Louis can call it "frivolous litigation," but U.S. Magistrate Judge Robert M. Levy, in his 2/23/07 ruling, acknowledged that the plaintiffs’ eminent domain complaint “raises serious and difficult questions regarding the exercise of eminent domain under emerging Supreme Court jurisprudence.”

As for the litigation challenging the environmental review, Appellate Judge James Catterson filed a concurring opinion that read like a dissent, slamming the Empire State Development Corporation (ESDC) “for being used as a tool of the developer to displace and destroy neighborhoods that are ‘underutilized.’" Petitioners appealing that decision argued that Catterson’s inability to formally dissent, despite major misgivings, was a reason the Court of Appeals should step in and “determine the boundaries of judicial review.”

Government balking?

Louis writes:
Cash-strapped state and city government officials, who have already applied hundreds of millions in direct and indirect assistance to Ratner, are balking at giving any more help.

Project insiders say Ratner's most pressing short-term financial hump is the need to pay $100 million to the Metropolitan Transportation Authority for the Vanderbilt Yards, a crucial stretch of property and train tracks along Atlantic Ave. between Flatbush and Vandbilt Aves.

As early as tomorrow, the MTA board could vote in closed session on whether to allow Ratner to make a smaller-than-expected downpayment - $20 million or so - and allow him to pay the rest over time.

If that happens, Ratner hopes to break ground on the arena this fall, using part of the railyards as a construction staging area.


That doesn't sound like government is balking just yet. Nor do we know whether the city, for example, will speed up payments of money owed, as the developer has requested. In other words, there are ways to offer indirect subsidies without adding additional cash.

Arena re-design, public hearing

Louis writes:
That's the optimistic timetable. More delays are almost certain to crop up.

As reported by my Daily News colleague Jotham Sederstrom, the striking, soaring (and costly) arena designed by architect Frank Gehry will likely give way to a less expensive creation by Ellerbe Becket, the Kansas City firm that designed the Conseco Fieldhouse in Indianapolis, the Fedex Forum in Memphis and a host of other sports projects.

Adding to redesign delays will be a requirement that revisions to the project go through public review, complete with hearings and a 30-day comment period.

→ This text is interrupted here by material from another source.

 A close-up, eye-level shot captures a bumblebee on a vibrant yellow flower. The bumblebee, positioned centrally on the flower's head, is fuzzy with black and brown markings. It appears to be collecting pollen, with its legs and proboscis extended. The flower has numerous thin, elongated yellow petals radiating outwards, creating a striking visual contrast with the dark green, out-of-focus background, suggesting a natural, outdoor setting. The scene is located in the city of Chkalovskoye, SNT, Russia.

Note that Conseco Fieldhouse, rather than the Ellerbe Becket's newer arenas in Memphis and Charlotte, gets mentioned first. Is that a hint that the AY arena would look most like Conseco?

Louis doesn't pause to consider why arena costs went up so rapidly, some 50% after the project was approved in December 2006. Was that because, as Sederstrom's reporting suggested, no one calculated the cost of safety glass?

The "obstructionists" and the hearing

Louis writes about the hearing scheduled for tomorrow:
And that brings us to the obstructionists who have spent more than five years In a losing battle to block the project in court and/or convince the world that Brooklynites don't want a massive investment in jobs, hoops and housing.

Expect a new wave of anti-project propaganda as soon as tomorrow, when Sen. Bill Perkins of Harlem, who chairs the state senate's committee on Corporations, Authorities and Commissions, convenes a misguided hearing in Brooklyn on Atlantic Yards.

"This hearing will trace the history of the Atlantic Yards project to determine its current status," the official notice reads, promising to "envision where this project might lead" and consider "whether this is the best possible deal for taxpayers and the local community" and "the meaning and use of the concept of 'blight' in condemnations," and "what is a 'public benefit' sufficient to justify massive state action."

The hearing will likely be a complete waste of time.


Does Louis think that the state's enormously loose application of vague language regarding blight--allowing minor cracks in the sidewalk and minor graffiti to qualify--is unworthy of scrutiny? Does he think that government should never do a cost-benefit analysis or, in this case, even a revised benefit analysis?

Issues in flux

Louis concludes:
Perkins is unlikely to hear about key aspects of the project that are in flux right now, including Ratner's purchase of the Vanderbilt Yards from the MTA.

Even if the details were settled, it turns out that Forest City - the single most knowledgeable source of changes to the project - wasn't even asked to testify at Perkins' invitation-only hearing, according to a company spokesman.

Questions like the meaning of "blight" and the application of New York's powerful eminent domain laws have been litigated repeatedly in state and federal court, debated in thousands of pages of testimony, and covered in detail in the press. There is no constructive reason to rehash these five-year-old questions yet again.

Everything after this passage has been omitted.